(Beginning of DATASET EXTRACT)
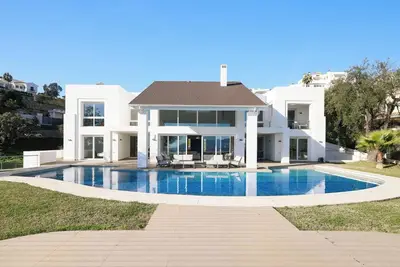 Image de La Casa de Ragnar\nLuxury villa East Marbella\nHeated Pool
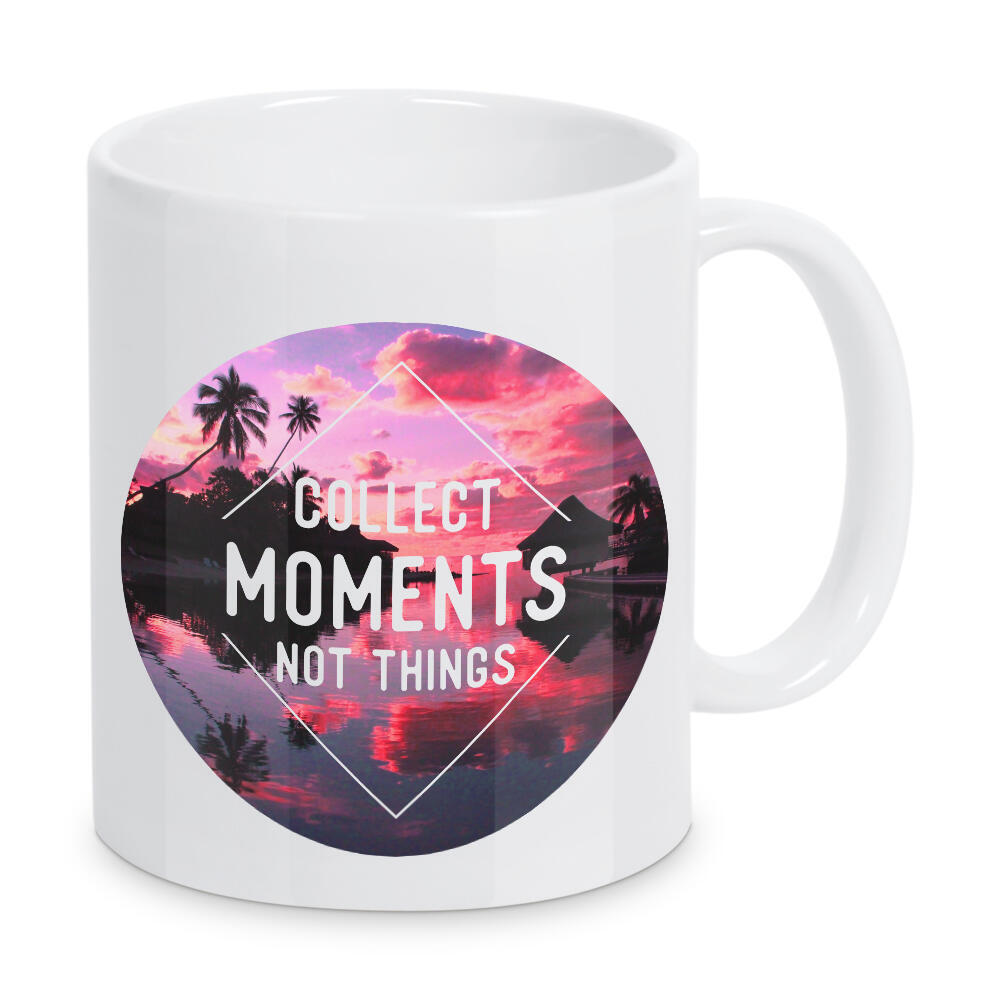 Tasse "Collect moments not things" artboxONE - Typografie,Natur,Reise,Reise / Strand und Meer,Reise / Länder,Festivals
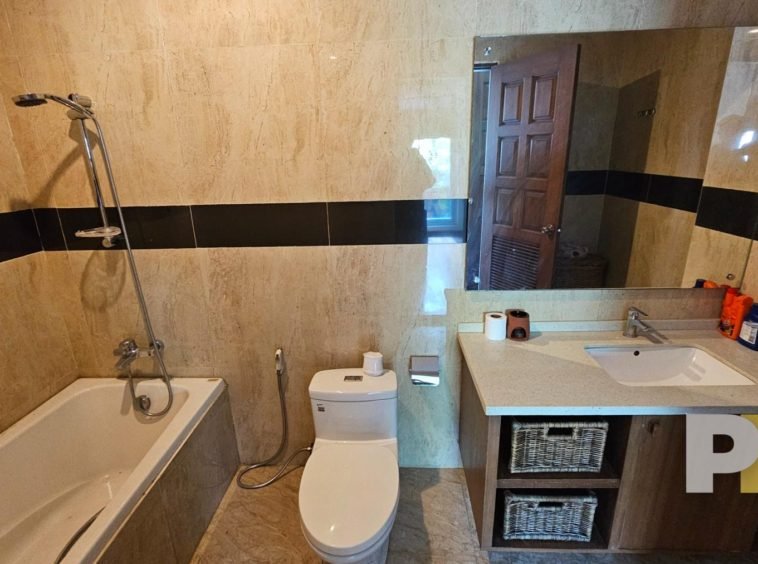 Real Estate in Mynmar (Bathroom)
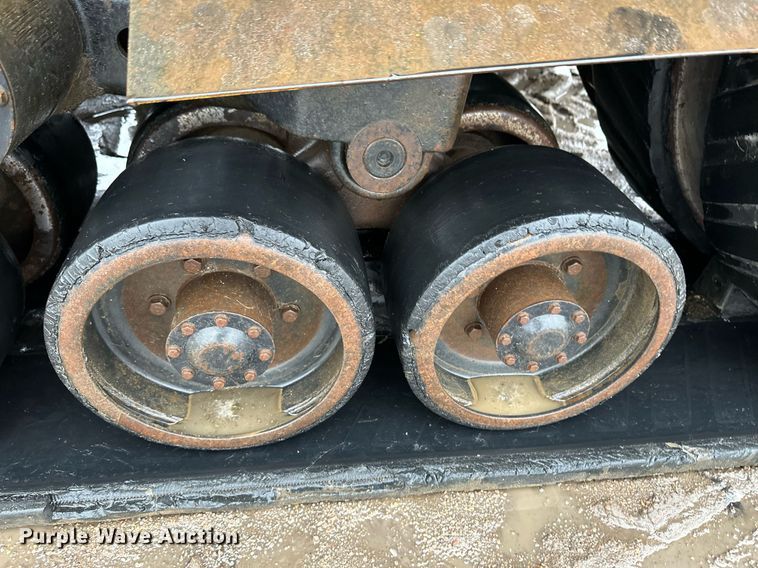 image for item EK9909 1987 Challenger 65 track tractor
(End of DATASET EXTRACT)
◆ **EXERCISE PROMPT**: When you write out the data, keep every line exact and drop the pictures.

◆ **SOLUTION FOR THIS EXERCISE**:
 Image de La Casa de Ragnar\nLuxury villa East Marbella\nHeated Pool
 Tasse "Collect moments not things" artboxONE - Typografie,Natur,Reise,Reise / Strand und Meer,Reise / Länder,Festivals
 Real Estate in Mynmar (Bathroom)
 image for item EK9909 1987 Challenger 65 track tractor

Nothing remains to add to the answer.